> [Work item] When the line containing "Grün Gebraucht 2002" is found in the data below, copy it and each line after it through the line containing "Détail d'un sac", exactly and with no others.

> [Data extracts]
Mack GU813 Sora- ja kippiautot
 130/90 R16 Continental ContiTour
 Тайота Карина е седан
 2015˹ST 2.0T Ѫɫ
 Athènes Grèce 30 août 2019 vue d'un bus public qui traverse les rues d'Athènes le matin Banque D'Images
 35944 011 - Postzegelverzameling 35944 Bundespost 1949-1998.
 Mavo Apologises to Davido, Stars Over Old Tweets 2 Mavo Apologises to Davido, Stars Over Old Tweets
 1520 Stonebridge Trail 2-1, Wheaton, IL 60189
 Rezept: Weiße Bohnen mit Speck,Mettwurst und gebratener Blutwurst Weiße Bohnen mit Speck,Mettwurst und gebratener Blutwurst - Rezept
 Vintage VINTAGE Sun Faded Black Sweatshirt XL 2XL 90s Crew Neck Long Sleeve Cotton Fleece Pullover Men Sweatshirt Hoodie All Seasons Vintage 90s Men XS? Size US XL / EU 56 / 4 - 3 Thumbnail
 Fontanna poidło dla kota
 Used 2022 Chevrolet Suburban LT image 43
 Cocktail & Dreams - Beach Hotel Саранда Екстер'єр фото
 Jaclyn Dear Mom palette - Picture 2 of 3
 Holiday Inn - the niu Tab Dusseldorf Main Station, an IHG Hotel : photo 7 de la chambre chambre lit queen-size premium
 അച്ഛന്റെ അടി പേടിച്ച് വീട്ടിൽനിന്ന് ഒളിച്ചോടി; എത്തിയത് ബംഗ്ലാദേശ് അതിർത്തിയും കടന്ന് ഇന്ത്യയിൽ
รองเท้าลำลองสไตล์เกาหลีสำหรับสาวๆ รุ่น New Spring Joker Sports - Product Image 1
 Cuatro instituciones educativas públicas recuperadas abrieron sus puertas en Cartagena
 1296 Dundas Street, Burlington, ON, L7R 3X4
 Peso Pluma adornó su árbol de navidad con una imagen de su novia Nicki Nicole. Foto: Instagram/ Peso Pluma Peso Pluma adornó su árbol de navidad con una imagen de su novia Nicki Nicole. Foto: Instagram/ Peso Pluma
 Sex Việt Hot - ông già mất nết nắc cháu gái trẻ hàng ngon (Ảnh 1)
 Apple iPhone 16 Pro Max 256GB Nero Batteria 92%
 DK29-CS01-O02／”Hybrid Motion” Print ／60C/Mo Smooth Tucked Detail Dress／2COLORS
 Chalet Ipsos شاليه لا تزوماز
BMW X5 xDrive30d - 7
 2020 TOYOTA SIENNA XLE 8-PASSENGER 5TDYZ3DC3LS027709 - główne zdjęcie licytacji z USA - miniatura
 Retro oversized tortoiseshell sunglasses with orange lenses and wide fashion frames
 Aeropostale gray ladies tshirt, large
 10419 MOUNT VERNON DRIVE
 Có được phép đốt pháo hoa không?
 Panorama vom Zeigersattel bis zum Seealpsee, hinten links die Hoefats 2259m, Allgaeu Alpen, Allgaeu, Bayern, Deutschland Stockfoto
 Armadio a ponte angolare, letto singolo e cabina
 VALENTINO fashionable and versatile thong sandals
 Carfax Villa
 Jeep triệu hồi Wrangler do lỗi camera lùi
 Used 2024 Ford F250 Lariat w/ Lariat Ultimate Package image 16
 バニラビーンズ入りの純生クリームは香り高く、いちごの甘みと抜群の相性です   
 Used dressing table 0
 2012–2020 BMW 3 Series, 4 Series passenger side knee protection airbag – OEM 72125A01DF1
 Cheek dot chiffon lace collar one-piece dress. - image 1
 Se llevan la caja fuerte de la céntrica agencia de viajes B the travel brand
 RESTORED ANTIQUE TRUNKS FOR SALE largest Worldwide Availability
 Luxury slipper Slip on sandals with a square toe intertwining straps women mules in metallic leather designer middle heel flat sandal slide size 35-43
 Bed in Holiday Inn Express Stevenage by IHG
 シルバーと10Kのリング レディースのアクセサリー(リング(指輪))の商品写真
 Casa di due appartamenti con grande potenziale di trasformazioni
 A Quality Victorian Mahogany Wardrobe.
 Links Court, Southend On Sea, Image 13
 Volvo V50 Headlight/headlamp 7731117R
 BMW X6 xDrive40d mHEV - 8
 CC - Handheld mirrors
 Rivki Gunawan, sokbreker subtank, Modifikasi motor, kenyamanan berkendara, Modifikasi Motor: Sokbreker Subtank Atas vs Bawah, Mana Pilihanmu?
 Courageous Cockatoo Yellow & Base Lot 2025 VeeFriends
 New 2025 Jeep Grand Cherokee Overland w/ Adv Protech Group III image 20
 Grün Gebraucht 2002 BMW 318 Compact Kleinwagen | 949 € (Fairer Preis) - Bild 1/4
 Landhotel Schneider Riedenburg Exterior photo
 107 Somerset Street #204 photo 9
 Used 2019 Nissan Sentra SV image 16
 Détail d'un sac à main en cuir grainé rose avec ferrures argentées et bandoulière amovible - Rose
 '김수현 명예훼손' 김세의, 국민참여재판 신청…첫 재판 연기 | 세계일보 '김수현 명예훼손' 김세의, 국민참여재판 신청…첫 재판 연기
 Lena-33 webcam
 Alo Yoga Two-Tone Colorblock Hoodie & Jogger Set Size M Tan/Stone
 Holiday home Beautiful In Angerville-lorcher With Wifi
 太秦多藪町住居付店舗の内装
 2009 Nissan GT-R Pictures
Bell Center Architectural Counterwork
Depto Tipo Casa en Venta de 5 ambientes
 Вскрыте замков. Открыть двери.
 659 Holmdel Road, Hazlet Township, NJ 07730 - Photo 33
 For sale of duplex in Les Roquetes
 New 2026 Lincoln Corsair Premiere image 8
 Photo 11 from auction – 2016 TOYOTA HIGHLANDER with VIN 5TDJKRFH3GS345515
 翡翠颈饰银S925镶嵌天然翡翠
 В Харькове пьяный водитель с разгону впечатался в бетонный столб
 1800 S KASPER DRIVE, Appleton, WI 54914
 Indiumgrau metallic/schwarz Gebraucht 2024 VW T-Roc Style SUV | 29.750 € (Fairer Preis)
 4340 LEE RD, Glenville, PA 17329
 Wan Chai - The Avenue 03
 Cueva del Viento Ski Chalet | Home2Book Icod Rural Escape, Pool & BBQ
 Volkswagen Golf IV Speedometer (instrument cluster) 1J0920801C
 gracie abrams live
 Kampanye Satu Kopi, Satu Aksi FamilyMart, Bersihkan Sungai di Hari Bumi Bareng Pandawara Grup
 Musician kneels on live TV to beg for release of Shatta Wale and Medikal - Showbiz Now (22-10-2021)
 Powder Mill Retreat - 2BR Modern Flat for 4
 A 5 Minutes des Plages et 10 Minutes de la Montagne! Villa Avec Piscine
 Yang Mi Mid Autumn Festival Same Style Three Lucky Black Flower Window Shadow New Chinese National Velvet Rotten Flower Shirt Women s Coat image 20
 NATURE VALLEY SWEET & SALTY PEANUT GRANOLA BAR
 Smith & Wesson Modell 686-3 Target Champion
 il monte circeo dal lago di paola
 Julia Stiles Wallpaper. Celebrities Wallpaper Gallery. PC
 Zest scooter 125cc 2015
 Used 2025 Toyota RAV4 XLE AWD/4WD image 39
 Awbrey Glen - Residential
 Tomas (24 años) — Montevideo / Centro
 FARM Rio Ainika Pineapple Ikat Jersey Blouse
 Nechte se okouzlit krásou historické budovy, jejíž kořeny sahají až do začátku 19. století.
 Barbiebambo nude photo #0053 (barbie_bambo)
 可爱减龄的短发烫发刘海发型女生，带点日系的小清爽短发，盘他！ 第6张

> [Task output]
 Grün Gebraucht 2002 BMW 318 Compact Kleinwagen | 949 € (Fairer Preis) - Bild 1/4
 Landhotel Schneider Riedenburg Exterior photo
 107 Somerset Street #204 photo 9
 Used 2019 Nissan Sentra SV image 16
 Détail d'un sac à main en cuir grainé rose avec ferrures argentées et bandoulière amovible - Rose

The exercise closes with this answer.